The saturating relationship between crop diversity and nutritional stability explains why increased diversity does not always yield proportional stability gains: once key nutrient-providing crops are present, additional crops add fewer new nutrient links. Declines in average crop degree indicate shifts toward less nutrient-dense crops or additions that duplicate existing nutrients, reducing marginal benefits for stability. Countries with low diversity are particularly vulnerable: shocks such as droughts, pests, or trade disruptions can cause rapid loss of nutrient availability. The pronounced role of imports underscores both benefits and vulnerabilities—trade can bolster stability but increases exposure to market volatility, trade disputes, and price shocks. Regional disparities, especially within Africa, likely reflect differences in trading capacity, domestic availability affected by conflict or political instability, and climate-related disasters. The study advances resilience assessment for nutrition-sensitive agriculture by focusing on nutrient availability robustness rather than calorie-based or intake-based metrics, and highlights that managing both production and trade portfolios is crucial for maintaining stable nutrient supplies.

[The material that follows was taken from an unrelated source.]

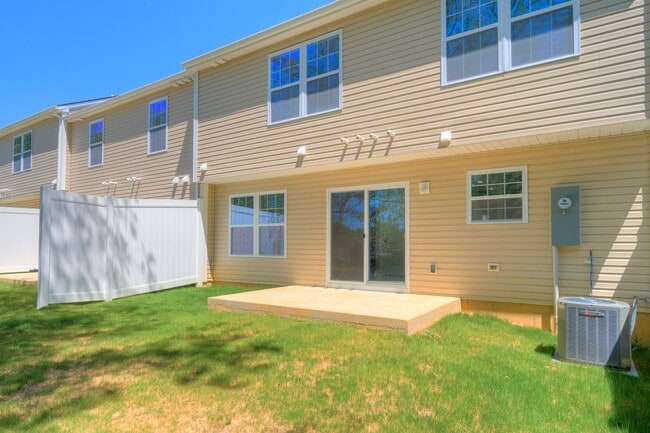 Building Photo - Available for the 2026-2027 lease term.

This study introduces a generalizable, unitless robustness metric to quantify national nutritional stability from crop–nutrient networks and applies it globally over 55 years. It demonstrates a positive but saturating relationship between crop diversity and stability, documents widespread increases in crop diversity often driven by imports, and reveals that nutritional stability has largely stagnated or declined outside Asia due to diminishing returns and declining crop degree. Policy and planning implications include prioritizing crop additions that supply underrepresented (“vulnerable”) nutrients, evaluating reliance on imports, and designing trade and production strategies to bolster resilience. Future research should integrate nutrient availability with intake data to connect stability to nutritional outcomes, consider non-random crop loss scenarios and abundance-weighted links, include animal-source foods where feasible, and model trade dynamics and climate-driven multi-crop failures to identify targeted adaptation and diversification strategies.
- Scope limited to nutrient availability from crops; does not measure dietary intake, utilization, or health outcomes, and thus does not equate to food security.
- Animal-source foods excluded due to data resolution and variability, potentially underestimating or mischaracterizing nutrient availability patterns across countries.
- Network links treated as present/absent after applying a PDV threshold; while PDV weighting reduces negligible contributions, binary treatment may oversimplify quantity effects and could underestimate or overestimate stability.
- Equal probability of crop removal in the primary robustness simulations; real-world loss likelihoods differ by factors such as climate vulnerability, market value, pest pressure, and production levels. Alternative, non-random or abundance-weighted removal scenarios were not fully explored.
- GENUS nutrient scope omits some nutrients (e.g., vitamins D and B12, iodine); nutrient content variability due to environment or management is not captured.
- FAO data limitations and missingness, particularly in low-income countries and earlier years, may affect accuracy.
- The metric captures robustness of nutrient availability but not identity-specific management priorities without additional analyses.